Note to Candidates: Secular Democrats Outnumber White Evangelical Republicans April 14, 2021

Note to Candidates: Secular Democrats Outnumber White Evangelical Republicans

Professor Ryan P. Burge has been going through the latest massive data set available from the Cooperative Congressional Election Study (CCES), and he recently shared this snapshot of America that’s just incredible.

It shows various faith-based and non-religious voting blocs as a share of the entire population.

I wouldn’t read too much into the top line. Religious “Nones” might be the largest group of voters in the country — that wasn’t the case in 2018! — but we’re not bound together in any meaningful way.

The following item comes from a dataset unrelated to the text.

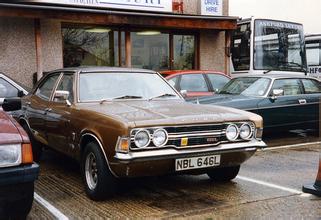 Ford Cortina Gxl 2000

Still, there’s reason to be optimistic: That 13.1% of white evangelical Republican voters is the largest single voting bloc, and we know all too well how much influence they have over our politics, BUT if you add up all the Democratic “Nones” — the “Nothing in Particular” group, the atheists, and the agnostics — it’s 17.6% of the population.

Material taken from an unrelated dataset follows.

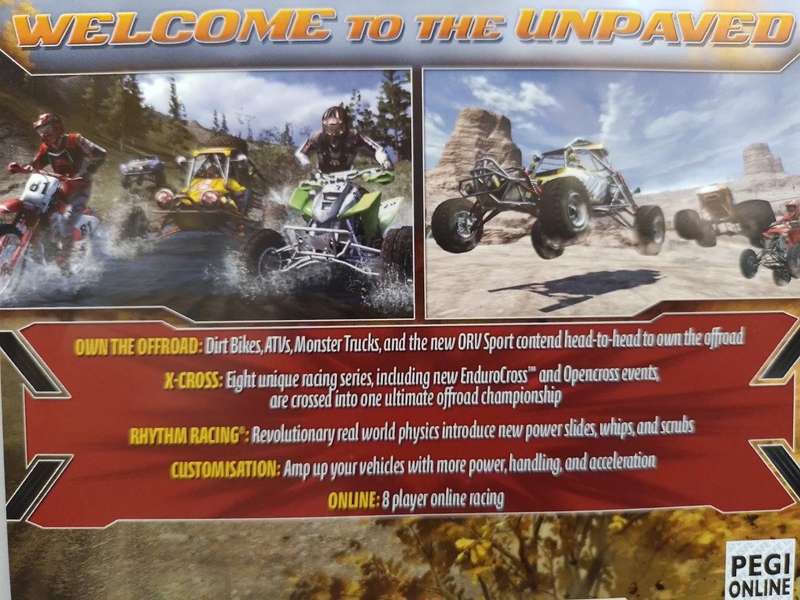 PS3 - MX vs Atv Untamed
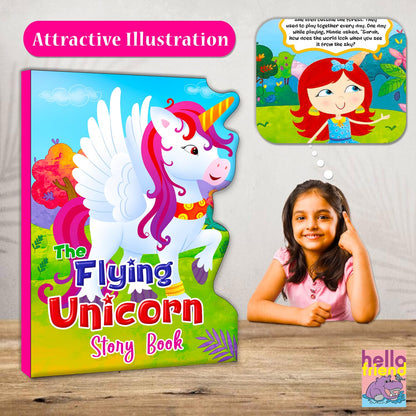 The Flying Unicorn Story Book by Hello Friend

There are more of us than them, and we’re still growing.

That said, it’s still easier to corral evangelical Christians into voting for a Republican candidate, whether that involves peer pressure, guilt-trips, or shaming the congregation from the pulpit. I suspect those 13.1% of evangelical Republicans are far more monolithic than the 17.6% of Secular Democrats. But it’s all the more reason Democratic candidates in large parts of the country should openly work for the Secular vote by talking about the importance of church/state separation, LGBTQ rights, abortion access, quality science and sex education in school, and any number of other issues that unite most Secular Democrats while also being opposed by so many conservative Republicans.

We’re past the tipping point on this. No one’s asking candidates to endorse atheism or condemn religion. (Leave that to us.) But the things most Secular Americans want from the government are also just good ideas in general. Progressive candidates already know that.

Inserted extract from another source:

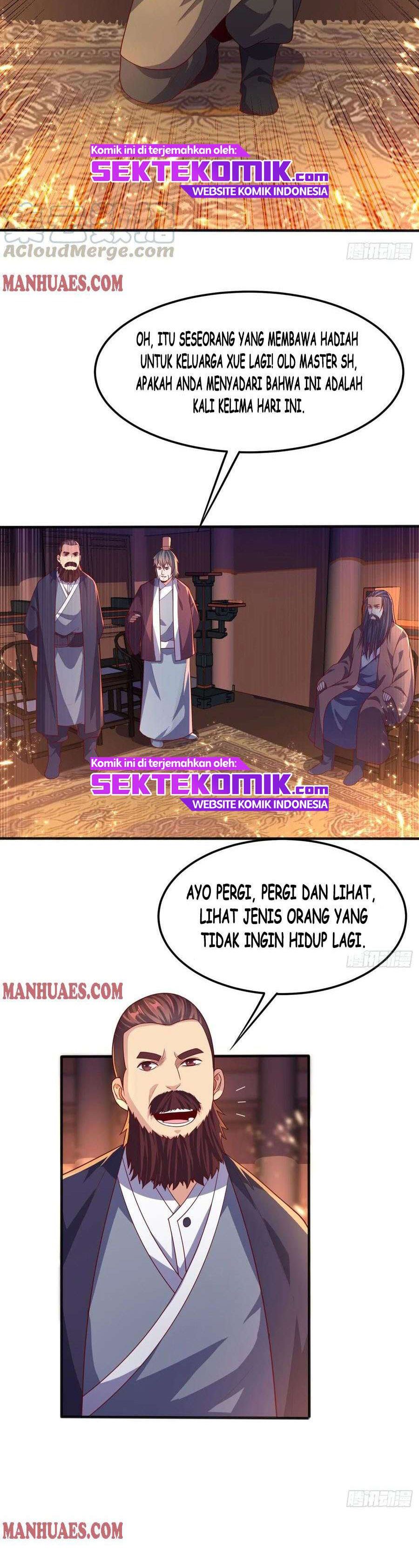 Martial Inverse Chapter 63 Gambar 3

It won’t work everywhere, but far too many Democratic candidates in large areas are leaving votes on the table because they’re scared of alienating a religious base that will never support them anyway. Seems far more strategic to stop playing it safe and get those non-religious voters excited enough to vote for you. The Religious Right will always paint Democrats, even moderate ones, as existential threats. Stop playing their game and start advocating for a good secular government. So many otherwise-apathetic secular voters could be won over that way.